With that big picture in mind, let's look at the top three trends in the upcoming report that will show whether the developer is still succeeding in its ambitious growth initiatives.

1. Call of Duty's audience

Wall Street pros are predicting that sales rose about 17% in Q1 to reach $1.8 billion. But the clearer picture on growth will come from the audience size metric.

A smiling young man wearing a headset and holding a video game controller

Image source: Getty Images.

Across the portfolio, that figure ended 2020 at 400 million, with huge growth in the Call of Duty franchise offsetting declines in the casual gaming segment. We'll learn on Tuesday whether the brand faced much of a drop-off after a record holiday season that brought 70% more gamers into the ecosystem compared to the prior year.

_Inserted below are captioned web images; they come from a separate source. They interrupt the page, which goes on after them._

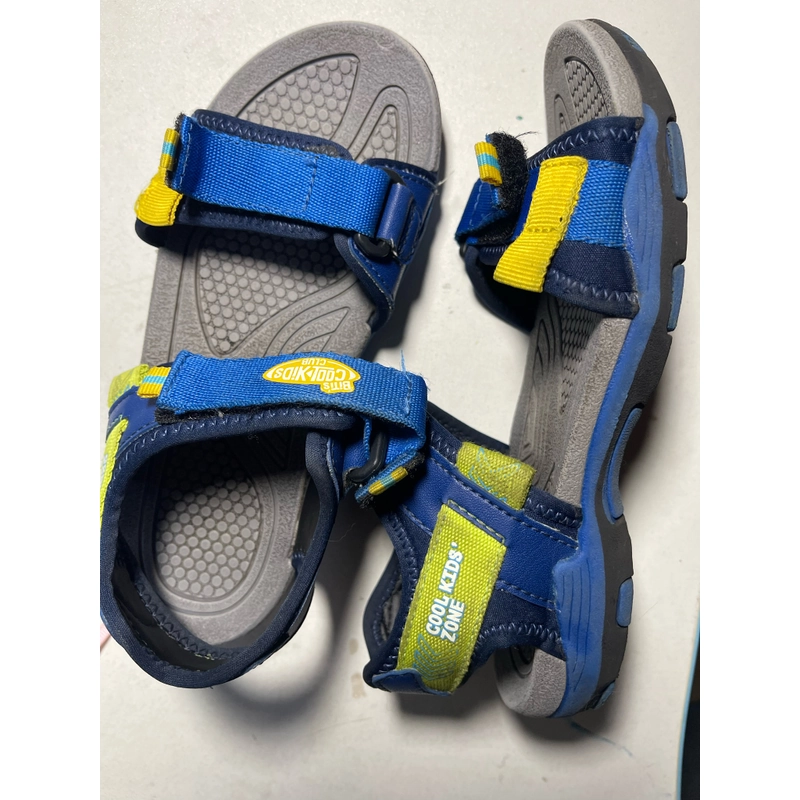 Combo Giày Sandal và Bata Bitis cho bé trai size 33 (7-9 tuổi ) 390972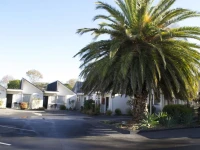 Diplomat Motel 3*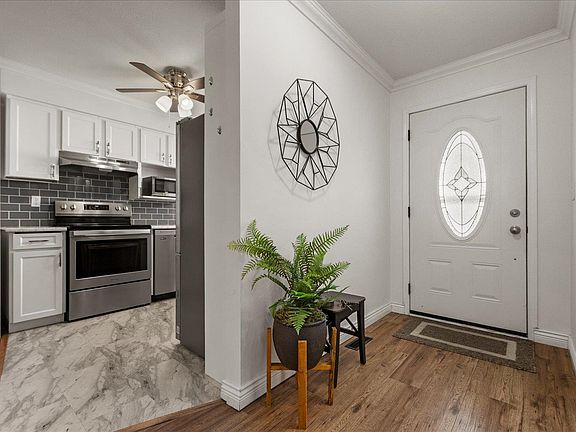 2nd image of 45435 Knight Rd #3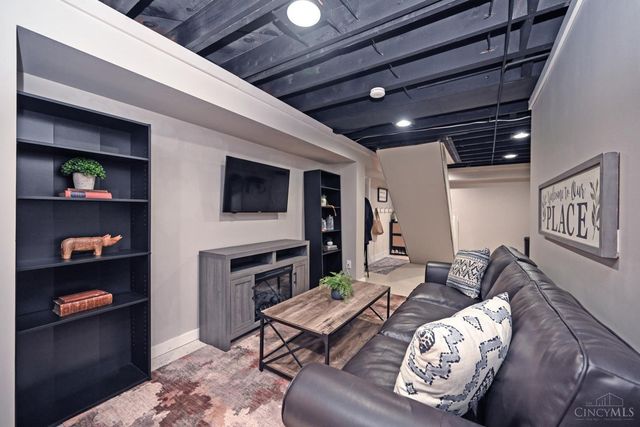 3228 Deborah Lane, Green Twp, OH 45239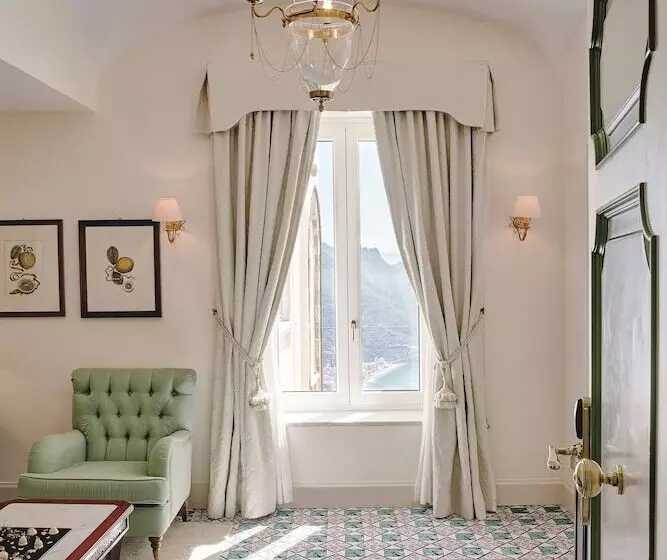 Deluxe Suite Sea View, Caruso, A Belmond Hotel, Amalfi Coast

Activision reported solid engagement in that core franchise, too, and investors will get an update on the stickiness of the ecosystem this week. The downside to all of that success is that it sets up a potential disappointment if the momentum stalls.

2. Widening the base

A big part of the investing thesis relies on Activision being able to repeat the blockbuster success it has had with Call of Duty. CEO Bobby Kotick and his team are right now applying what they call the "CoD framework" to smaller franchises so that, in a few years, the developer will have several more $1 billion franchises and over 1 billion engaged gamers. This approach involves using free-to-play content to boost the user base while releasing a steady stream of high-quality updates to raise engagement.

If the strategy is working, look for Kotick to highlight growth in brands like Diablo, Overwatch, and Candy Crush on Tuesday.

3. A Netflix-like slowdown?

A lot has changed since Activision issued its first 2021 outlook in early February. COVID-19 vaccines are increasingly available and many economies are reopening around the world, potentially pressuring demand for at-home entertainment. Netflix described that exact phenomenon when it recently reported surprisingly weak subscriber growth in its latest quarter and forecast weak subscriber growth for next quarter as well.

The best hint as to whether Activision will face a similar headwind will be management's updated fiscal year forecast. Heading into the report, executives were calling for bookings, a measure of consumer sales, to edge up to $8.45 billion from $8.42 billion in 2020. In 2019, before the pandemic, Activision's annual bookings stood at $6.39 billion.

That means even a slight downgrade to the outlook would keep the game developer on track to post fundamentally stronger growth even as the pandemic threat fades over the next few quarters. Sure, a poorly received title release, or a delay in a highly anticipated launch, would amplify any potential growth stumble.

But Activision is entering this period with some serious competitive advantages, including its biggest engaged gamer audience ever. That's why it would be a mistake to bet against the leading video game developer in 2021.